→ **Exercise data**:

'''

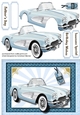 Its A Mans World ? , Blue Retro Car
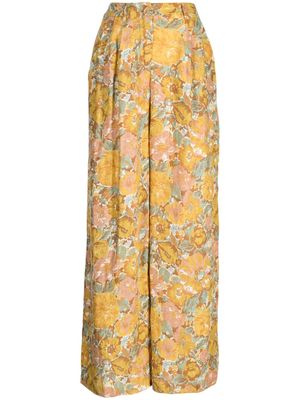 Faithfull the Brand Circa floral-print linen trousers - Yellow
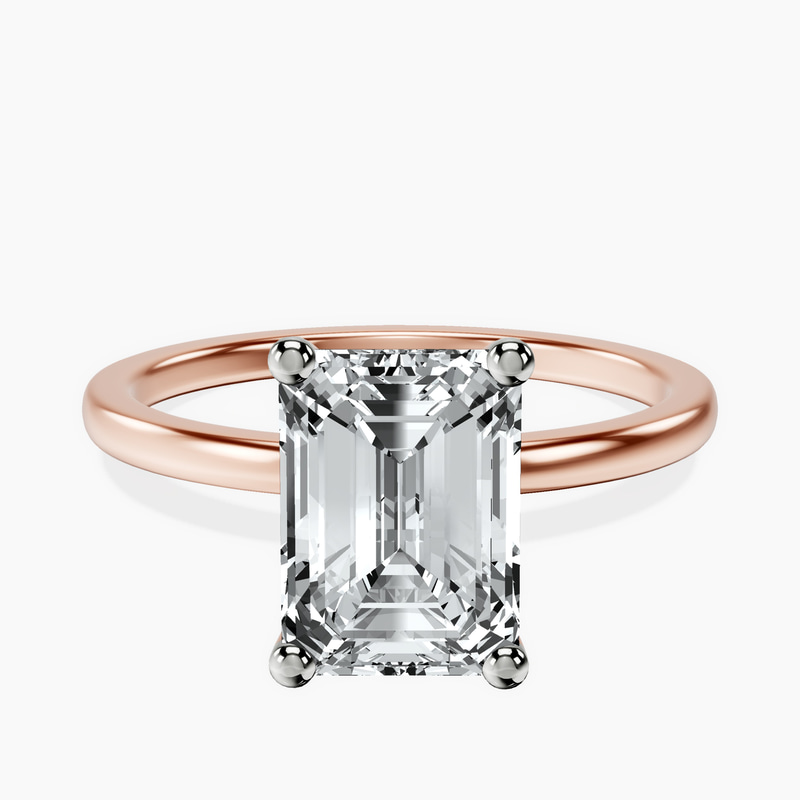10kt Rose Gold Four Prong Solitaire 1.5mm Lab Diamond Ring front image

'''

→ **Problem requirements**:
In your transcription of the listing above, match each line exactly and include no pictures.

→ **Reply to the task**:
 Its A Mans World ? , Blue Retro Car
 Faithfull the Brand Circa floral-print linen trousers - Yellow
10kt Rose Gold Four Prong Solitaire 1.5mm Lab Diamond Ring front image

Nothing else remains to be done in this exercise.